When income is irregular and unpredictable, both in amount and frequency, such as it is for the majority at the bottom of the pyramid, buying behavior is not quite the same as for mainstream consumers. At least four patterns emerge based on a combination of need and money available.

  1. Bought in bulk – Usually food staples or something you cannot live without would be purchased in this manner, either when there is a sudden influx of cash or a payment at the end of manual labour or if managing on a fixed amount each month such as remittances from abroad. This ensures that there is something to eat even if money runs out before the next payment might be due. If its a sudden influx of cash for someone not on a pension or remittance then these are the funds that often go towards a consumer durable purchase or big ticket item of some kind.
  2. Paid for in advance – Usually a service which can be used or consumed over time can be purchased in advance when funds are available and then made to last as long as possible. The best known example of course is prepaid airtime.
  3. Sachets or single portions – A form of on demand purchase. Interestingly, I came across this working paper by Anand Kumar Jaiswal at IIM, saying that sales results in rural India seemed to imply that only shampoos and razor blades were more successful in sachet form, whereas things like milkpowder, jam etc sold more in the larger size. The author cautions against assuming all sachets will sell. I believe it could be based on the usage pattern of the product in question or its nature – what if you packaged a perishable item in single servings that didn’t need refrigeration until opened?
  4. On demand or daily purchase – mostly perishables like bread, eggs, fresh vegetables purchased for the day’s needs. Partly cultural but also influenced by availability of cash in hand. Cigarettes sold loose or two slices of bread and an egg are some examples we’ve seen. Indian vegetable vendors are also willing to sell you a small portion of a larger vegetable either by weight or by price. You can buy 50p worth of cabbage for a single meal. Minimizes wastage whether you’re cooking for one or have no fridge. This is also the most common pattern if you earn small amounts daily, like the vegetable vendor, shelling out what you have for what you need and then if there’s some change, debating what do with it.

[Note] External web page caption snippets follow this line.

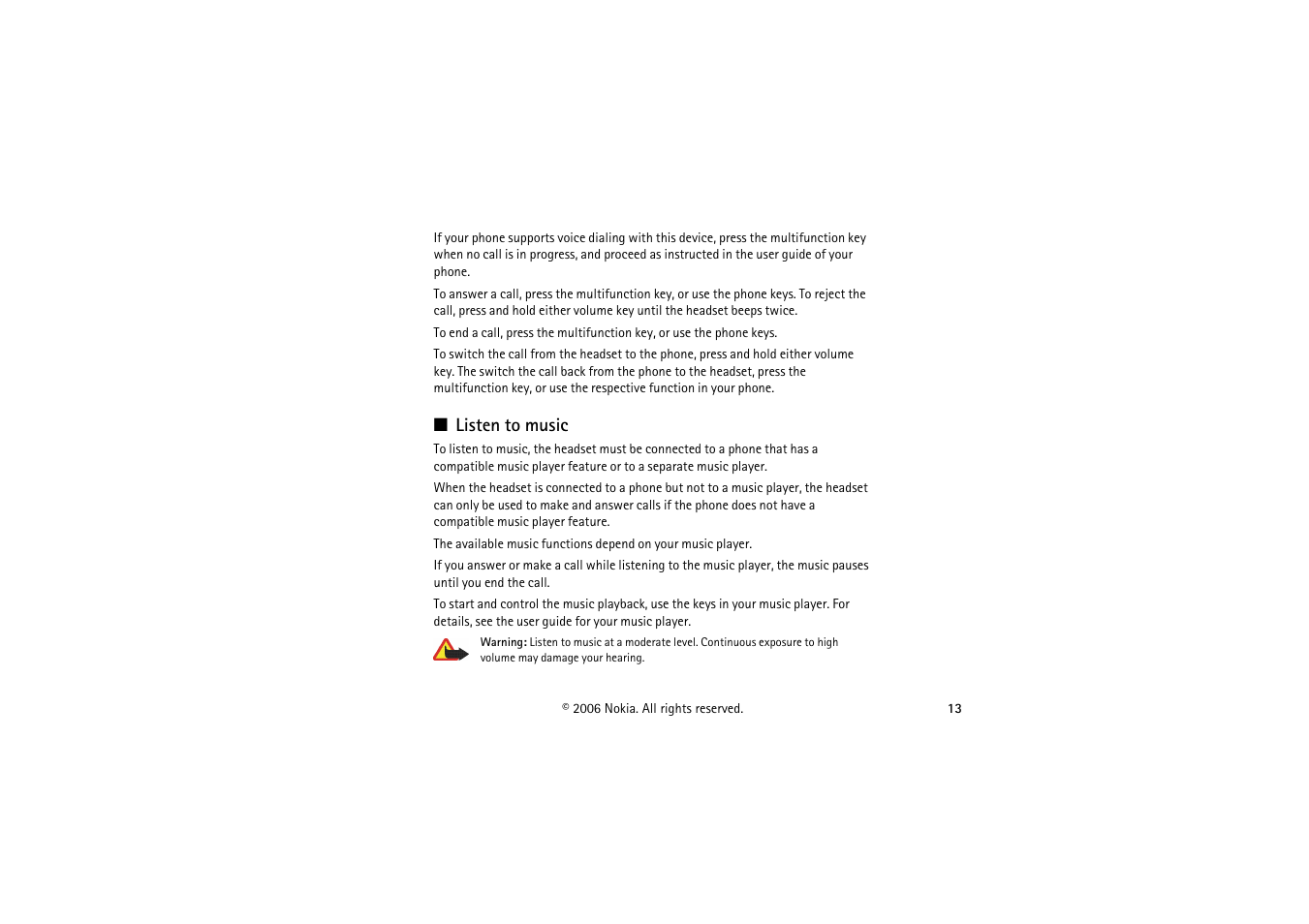 Listen to music | Nokia BH-501 User Manual | Page 13 / 17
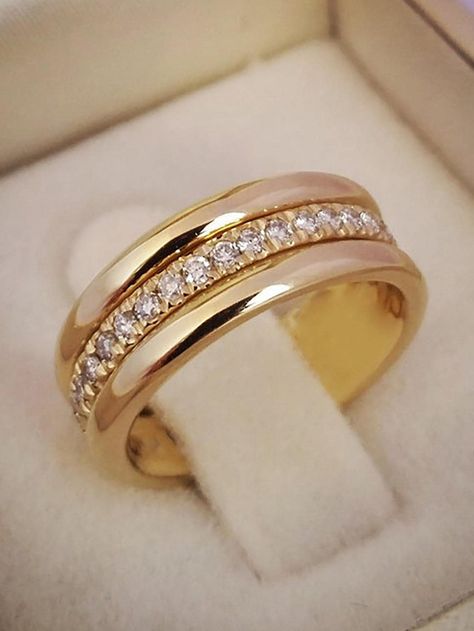 Ring Master, Wedding Ring Shapes, Wedding Ring For Women, Moissanite Band, Gold Color Ring, Ringe Gold, Ring Moissanite, Popular Jewelry, Fashion Wedding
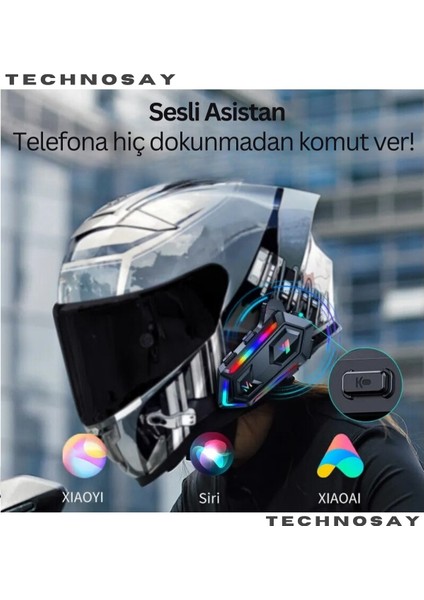V20 5.3 Bluetooth Su Geçirmez Rgb Motosiklet Kask Bluetooth Interkom Intercom Kulaklık Mikrofon indirimleri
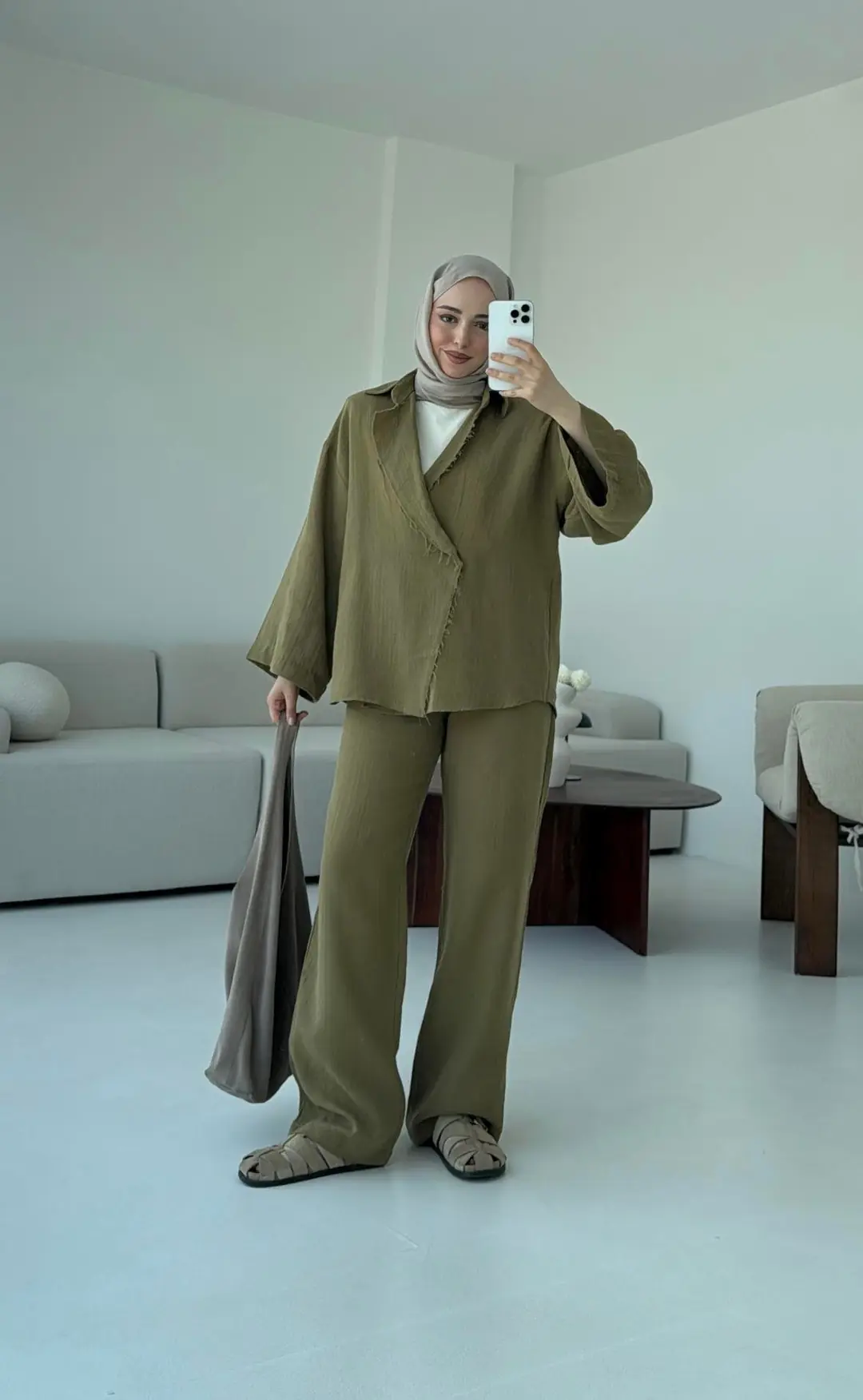 Müslin Düğmeli Kimono Takım Yeşil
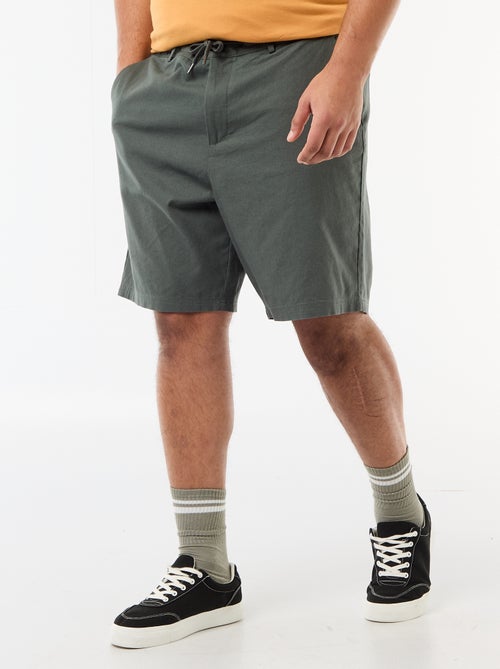 Chinobermuda met knoop- en ritssluiting + trekkoordjes - Kiabi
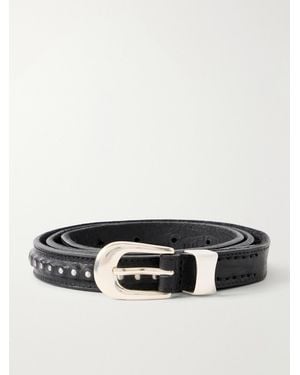 Our Legacy 2Cm Embellished Leather Belt - Black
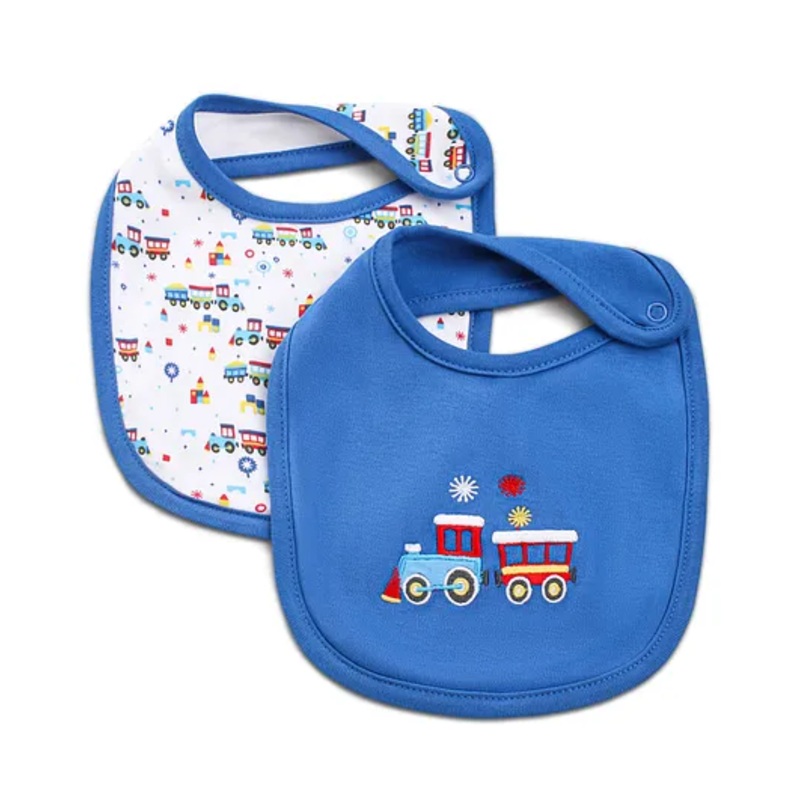Babyhug Cotton Snap Buttons Closure Bibs Train Print Pack of 2 – Navy Blue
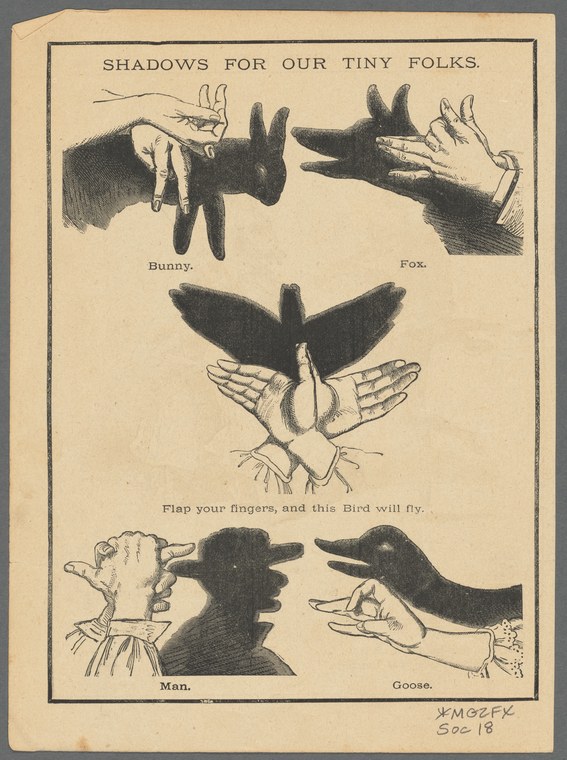 Instructional page with five hand positions creating animal and human silhouettes: bunny, fox, flying bird, man, and goose.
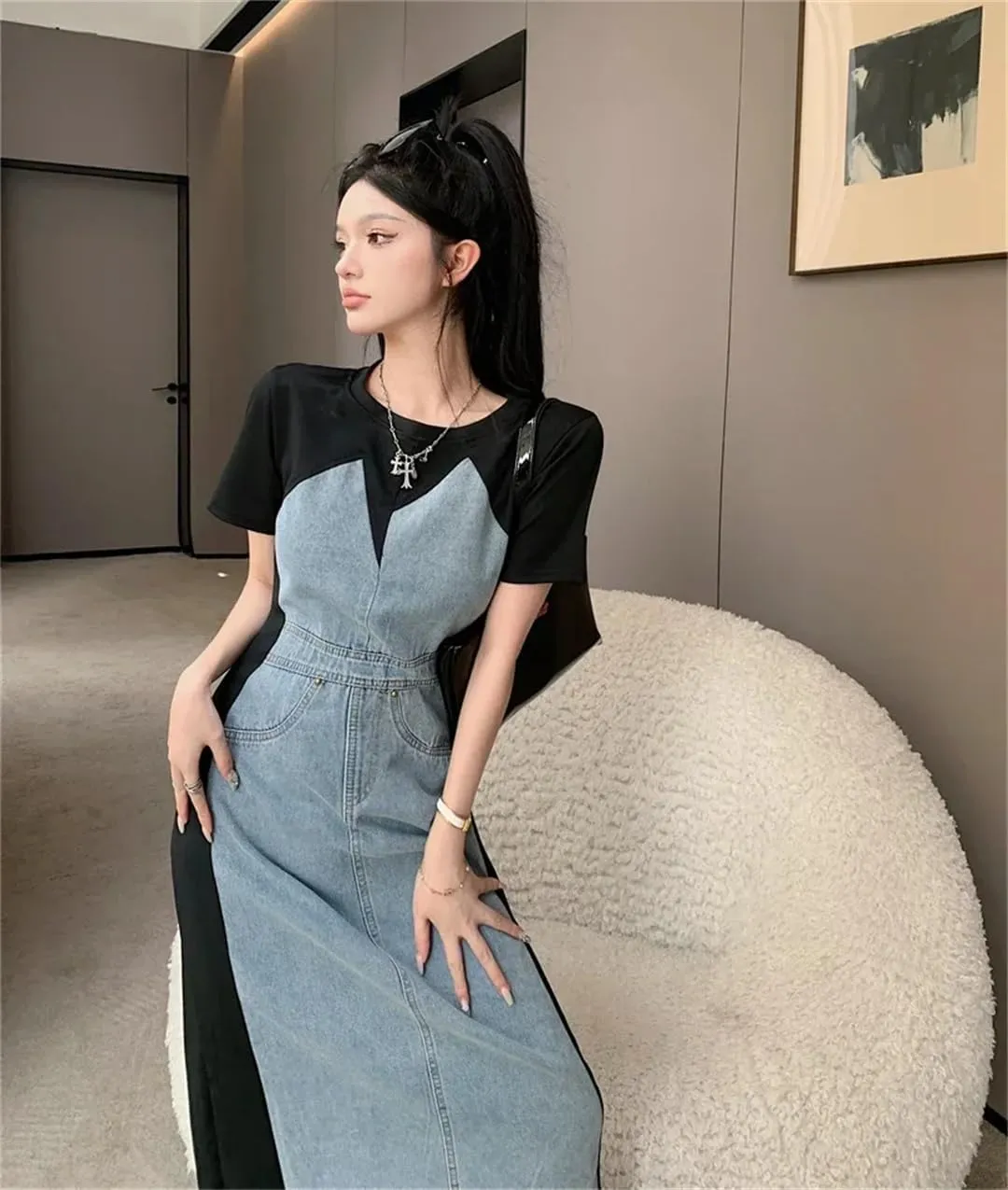 Women Fake Two Piece Denim Vestidos De Mujer Short Sleee Maxi Jeans Dress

What is the buyer behaviour observed among BoP “consumers”? 

  1. Maximizing the return on their investment – When you have a limited amount to spend, usually at the end of each day, you’re seeking to minimize risk and maximize the value of your investment. From our observations in the field, we have seen some core values emerge in the pattern of buyer behaviour at the BoP in the way they think about and use their possessions or the products and brands they choose to buy.
  2. Repair and renew – Limited incomes mean there is no wriggle room for the easy convenience so beloved of consumer product manufacturers of ‘just throwaway and replace’. Products must be durable and are treated as such – whether its renewing the old mobile phone with a new keyboard after the numbers fade from prolonged use or continued repair of 20 year old cars using spare parts that may not be new themselves.
  3. Maintain and extend – How long will this bar of soap last me? I’m willing to pay a little more if this bar will wash more clothes for my family than that cheaper bar that quickly dissolves into a puddle of soapy goo. Let me tape some plastic sheeting over the television that occupies the pride of place in our one room shack, it will last much longer and still look shiny and new. Cobblers repair sandals with bits of tires and small nails while someone will offer to make like new the grinding stone worn too smooth from constant use.
  4. Recycle and reuse – Nothing ever goes to waste, not even old plastic bottles dug up from rubbish heaps. But even those who are not rag pickers think twice about throwing away something that could be used elsewhere or put to another purpose.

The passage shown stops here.